The Bench took the view that as butchers boys were notoriously reckless when driving, the highest penalty allowed should be given. This was 40s fine, but because Thomas couldn’t pay he was committed to prison for three weeks with hard labour.
1853 – Storm over Weston Under Penyard
Flooding in Herefordshire is nothing new – in July 1853 a massive thunderstorm, which lasted for over two hours, deluged the area causing massive damage and loss of livestock. It was reported that the rain didn’t just fall, it dropped as if in a solid mass!

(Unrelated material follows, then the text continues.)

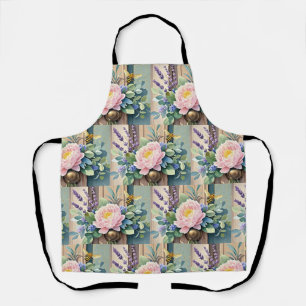 Bouquet peonies lavender flowers Rustic Apron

People had lucky escapes when rescuing horses from the deep water in their stables, and whole fields of turnips were destroyed when water to a depth of four feet covered them.
Mud was washed from the fields onto the roads, clogging the drains and causing the water to divert into houses and farm yards. The London mail coach battled through mud and deep water – one can only imagine the exhausted state of the poor horses.
1857 – Child Murder Suspect
A new born baby girl had been found dead in a pool at Kingston Court Farm at Weston Under Penyard, and the chief suspect was a 22 year old girl named Sylvia Trigg who worked for Mr. Burgum at Kingston Court.
Sylvia was arrested at the Court and a private investigation was carried out at the office of the Magistrates’ Clerk – an action which was severely frowned on by the Court as being damaging to the case.
The evidence was heard over two days, and included that of a 14 year old girl, Elizabeth Bradley, who told of how she found Sylvia apparently very ill, lying on a sofa and appearing to be in great pain. Elizabeth saw a great deal of blood around Sylvia.
Another witness, Henry Hall who was a labourer at Kingston Court, told how he found the child in the pond.
Post Mortem on the Baby
When the post mortem was carried out, it was found that although the body was very decomposed, a swelling was evident on the right side of the head – an injury which was deemed to have been sufficient to cause death. The umbilical cord had been torn and not tied off, which meant that no medical aid had been given at the birth, and this too could have killed the child.
The surgeon also examined Sylvia, and found that she had recently given birth.
However, the Bench were not satisfied that there was sufficient evidence to convict Sylvia of murder, and they decided to proceed against her only for concealment of birth. Sylvia was committed for trial and bail was set at £100 with two sureties of £50.
May 1863 – Amateur Concert at Weston Under Penyard
A wonderful selection of musical talent gathered to entertain at Weston Under Penyard schoolroom, which was said to almost equal the visit by the Wandering Minstrels of Hereford, and the room was packed.
Sir F. Gore Ouseley played the piano; J.H. Arwright, Marcellus Newton, and C. Willett played on violin; Tenor was the Rev. H. Cooper Key; Rev. G. Cornewall and L. Willett played Violincellos; Concertina was played by Captain X.F. Orange; Flue by Chandos Wren Hoskyns, and Harp by Mrs. Hawkshaw.
The schoolroom was beautifully decorated with evergreens, and flowers which were artificial but so good as to be like the real thing.
Sir F. Gore Ouseley gave an outstanding performance, and the audience wanted more – what they got instead was a mediocre duet by Mrs. Symonds and Miss Phillipps!
The rest of the concert was well received.